[QUOTE=Devil;3019013]Negative. That’s the argument you wish I was making, not the argument I’m actually making.
I have repeatedly clarified that I appreciate the value of drilling. And I have no problem with referring to it as kata, as long as you understand that makes you a dork.
I have one consistent point here. Kata is not a legitimate tool for passing along information to future generations.
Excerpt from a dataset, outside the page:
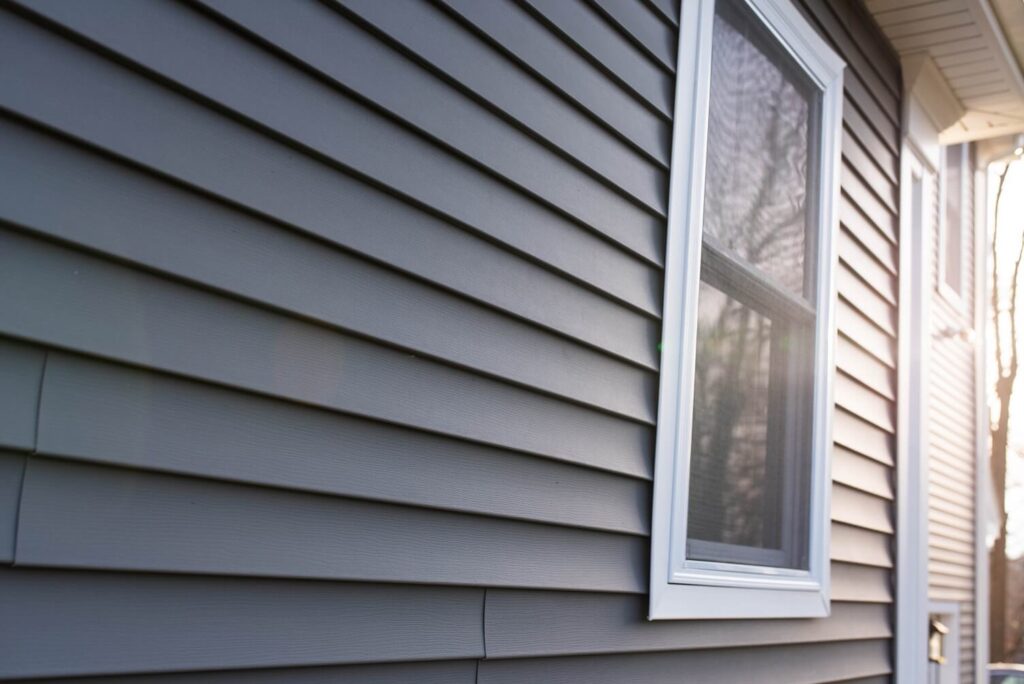 vinyl siding house exterior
And it is not.[/QUOTE]
I’m all for poking fun of people who put the Japanese, or Japanese mythology, or Japanese words on a ridiculous pedestal.
However, if someone picked up that nomenclature, I don’t care one way or the other.
And, I am not going to start calling the sequence that I have to teach people getting their black belts in Judo, the Nage-No-Drill just because you don’t like it.
Or call the set of Kodokan curriculums “drills” instead of “kata” when teaching Judo just because it’s a burr in your butt.
That is your problem.
I am not a very formal teacher, quite the opposite, in fact.
But I do make sure that my students know what to do or say if they are in more formal Judo situations, or other people’s BJJ or Gracie Jiu-Jitsu rooms,
Otherwise, it would put them at a needless disadvantage in those environments by making them seem like ignoramuses.
And, Japanese is the Lingua Franca for Judo, the 2nd most widely practiced sport in the world.
So, no matter where my Judo (or Jiu-Jitsu) students go in the world, if they know a modicum of Judo Japanese,
and are comfortable using it, or hearing it, they can slide into a Judo practice, pretty comfortably,
even if they do not speak the local language.